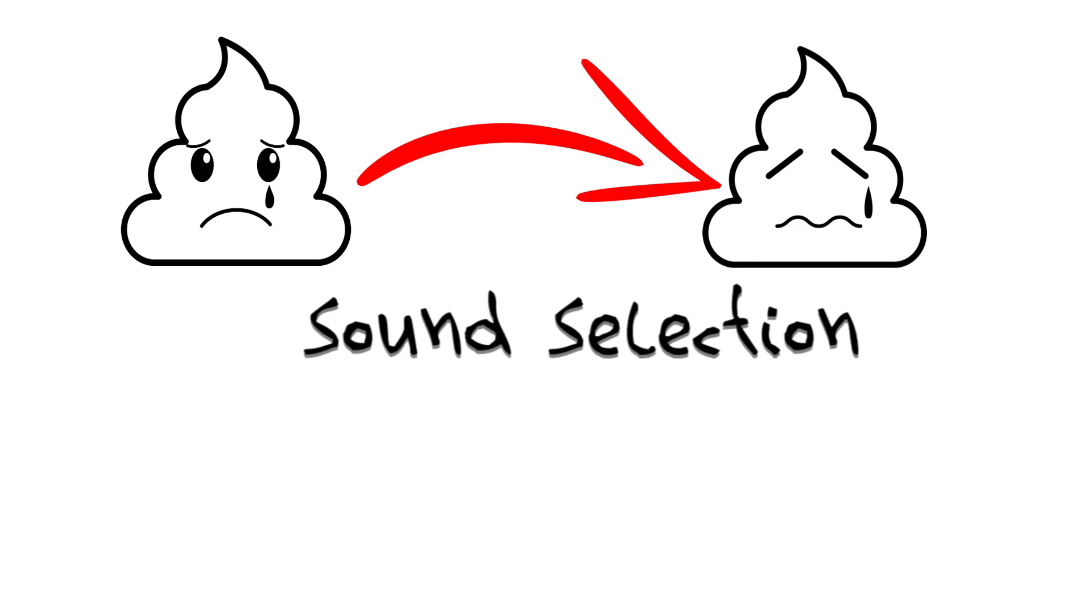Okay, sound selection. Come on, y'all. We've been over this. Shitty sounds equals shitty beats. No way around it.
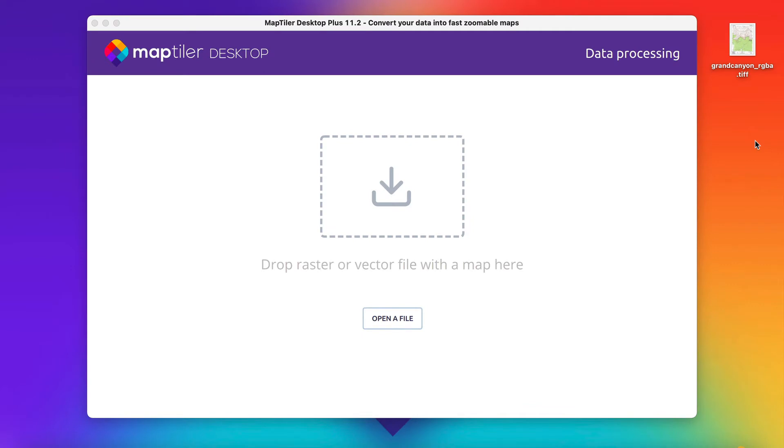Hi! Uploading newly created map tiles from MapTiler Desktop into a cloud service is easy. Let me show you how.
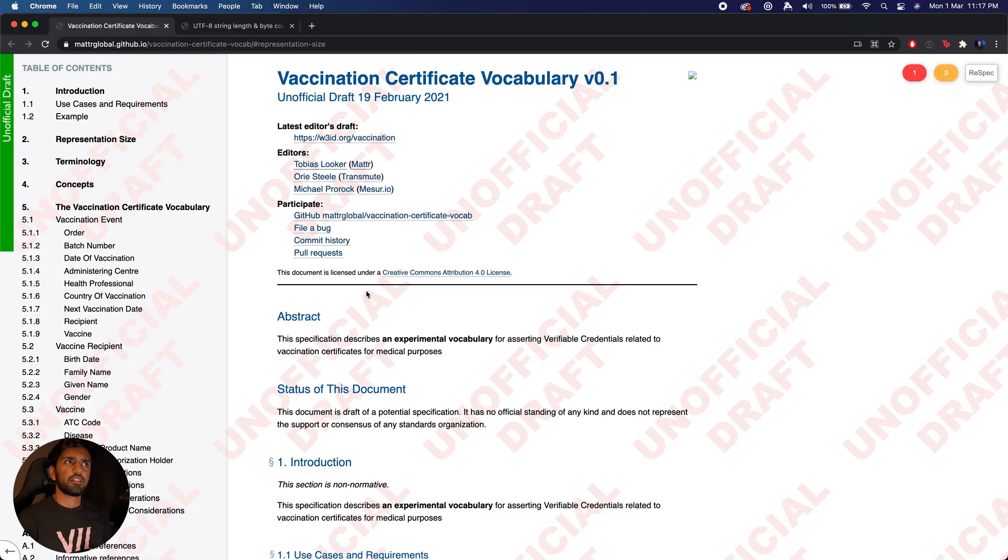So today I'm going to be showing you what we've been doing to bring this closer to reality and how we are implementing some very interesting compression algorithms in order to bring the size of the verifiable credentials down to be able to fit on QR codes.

- - -

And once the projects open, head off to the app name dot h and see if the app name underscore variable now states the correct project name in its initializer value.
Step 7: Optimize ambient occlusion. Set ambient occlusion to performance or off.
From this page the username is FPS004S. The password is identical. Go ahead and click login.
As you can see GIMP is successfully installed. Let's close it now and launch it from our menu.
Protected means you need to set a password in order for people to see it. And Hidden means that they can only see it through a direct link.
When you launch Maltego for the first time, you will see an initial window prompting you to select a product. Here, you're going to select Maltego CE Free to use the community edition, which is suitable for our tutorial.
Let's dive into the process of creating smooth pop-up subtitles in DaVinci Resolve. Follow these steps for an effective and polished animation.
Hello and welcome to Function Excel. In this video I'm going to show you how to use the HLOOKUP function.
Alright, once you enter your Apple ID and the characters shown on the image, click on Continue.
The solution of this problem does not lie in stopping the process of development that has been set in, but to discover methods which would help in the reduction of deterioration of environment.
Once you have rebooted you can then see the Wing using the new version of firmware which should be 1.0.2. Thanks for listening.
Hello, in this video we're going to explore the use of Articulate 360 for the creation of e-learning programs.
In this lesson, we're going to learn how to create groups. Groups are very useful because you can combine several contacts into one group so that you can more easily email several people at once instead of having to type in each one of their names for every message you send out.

- - -

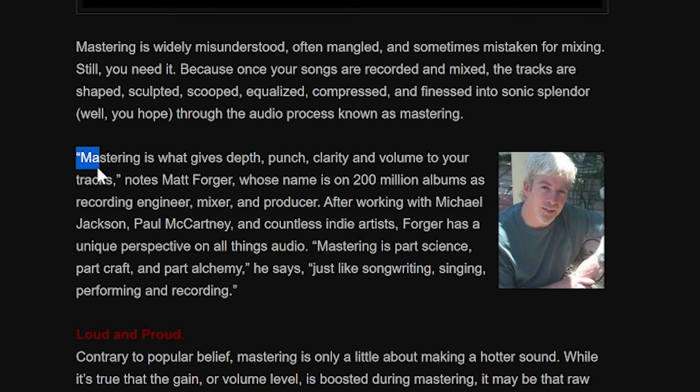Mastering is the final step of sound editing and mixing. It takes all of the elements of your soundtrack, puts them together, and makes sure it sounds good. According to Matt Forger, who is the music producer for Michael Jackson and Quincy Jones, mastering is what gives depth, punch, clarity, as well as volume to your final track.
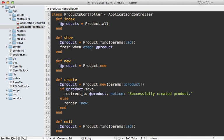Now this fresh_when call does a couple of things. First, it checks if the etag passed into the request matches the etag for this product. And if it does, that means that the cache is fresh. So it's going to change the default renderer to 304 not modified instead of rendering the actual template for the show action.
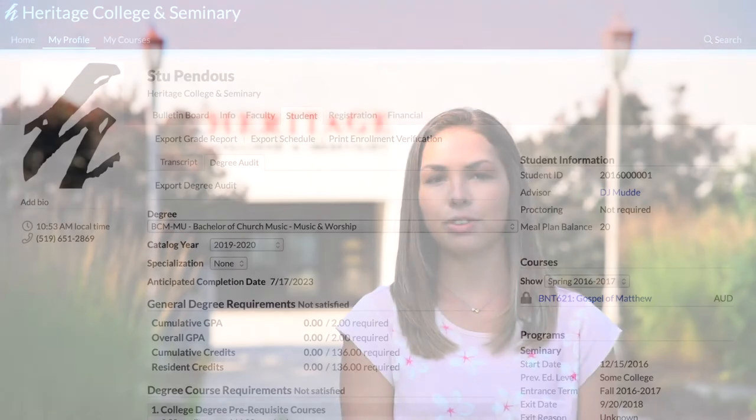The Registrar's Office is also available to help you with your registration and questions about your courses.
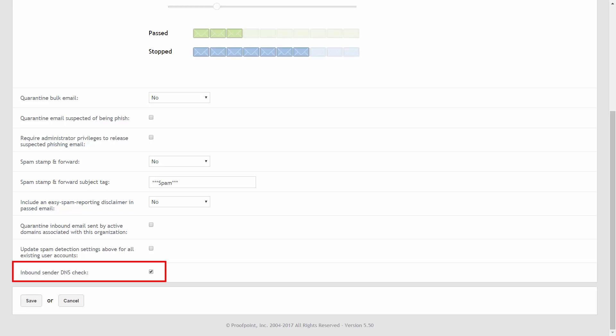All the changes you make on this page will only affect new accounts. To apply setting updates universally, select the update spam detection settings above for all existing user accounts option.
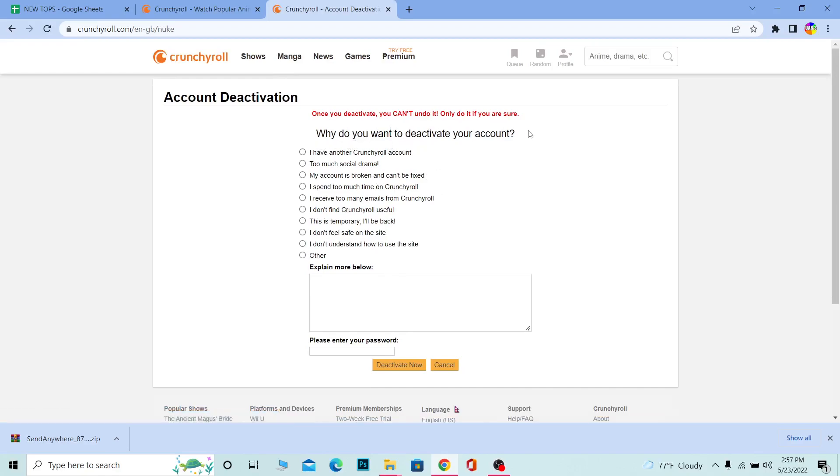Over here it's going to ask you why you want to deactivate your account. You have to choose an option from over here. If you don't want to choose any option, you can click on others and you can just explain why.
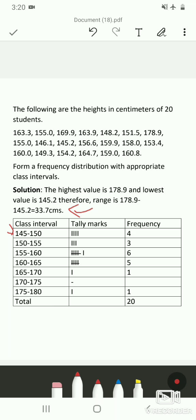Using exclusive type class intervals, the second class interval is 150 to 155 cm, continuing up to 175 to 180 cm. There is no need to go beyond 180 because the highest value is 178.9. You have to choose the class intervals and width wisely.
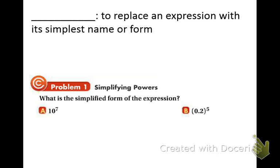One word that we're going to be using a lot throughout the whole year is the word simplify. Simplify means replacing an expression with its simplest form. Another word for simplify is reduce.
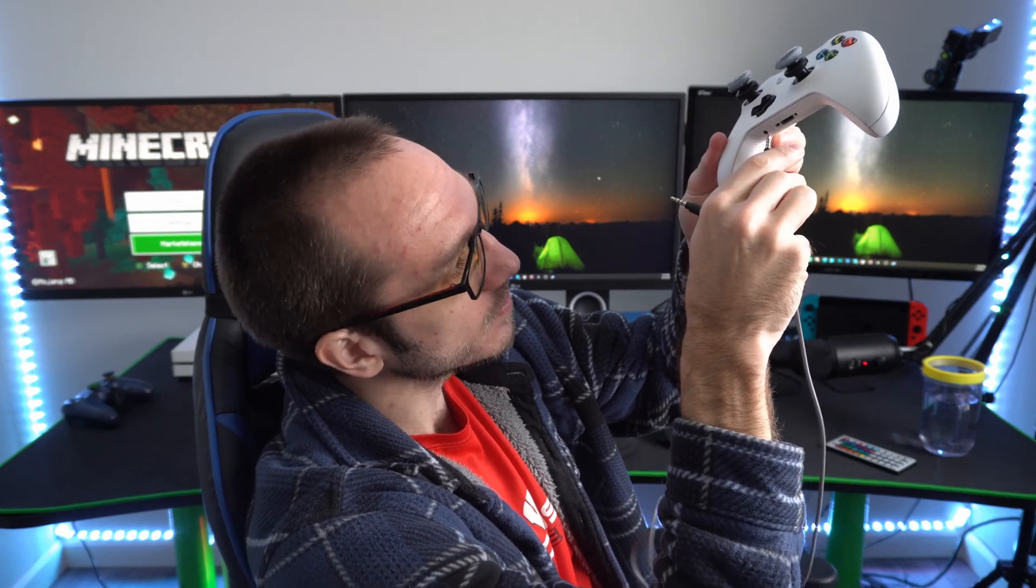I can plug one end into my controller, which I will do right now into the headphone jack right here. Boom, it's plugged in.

- - -

- PROBLEM TO SOLVE
Above this task is a listing with pictures in it. Retype only the lines from the one containing "All the changes" through the one containing "I can plug one", both included, and not the pictures.

- ANSWER FOR THIS EXERCISE
All the changes you make on this page will only affect new accounts. To apply setting updates universally, select the update spam detection settings above for all existing user accounts option.
Over here it's going to ask you why you want to deactivate your account. You have to choose an option from over here. If you don't want to choose any option, you can click on others and you can just explain why.
Using exclusive type class intervals, the second class interval is 150 to 155 cm, continuing up to 175 to 180 cm. There is no need to go beyond 180 because the highest value is 178.9. You have to choose the class intervals and width wisely.
One word that we're going to be using a lot throughout the whole year is the word simplify. Simplify means replacing an expression with its simplest form. Another word for simplify is reduce.
I can plug one end into my controller, which I will do right now into the headphone jack right here. Boom, it's plugged in.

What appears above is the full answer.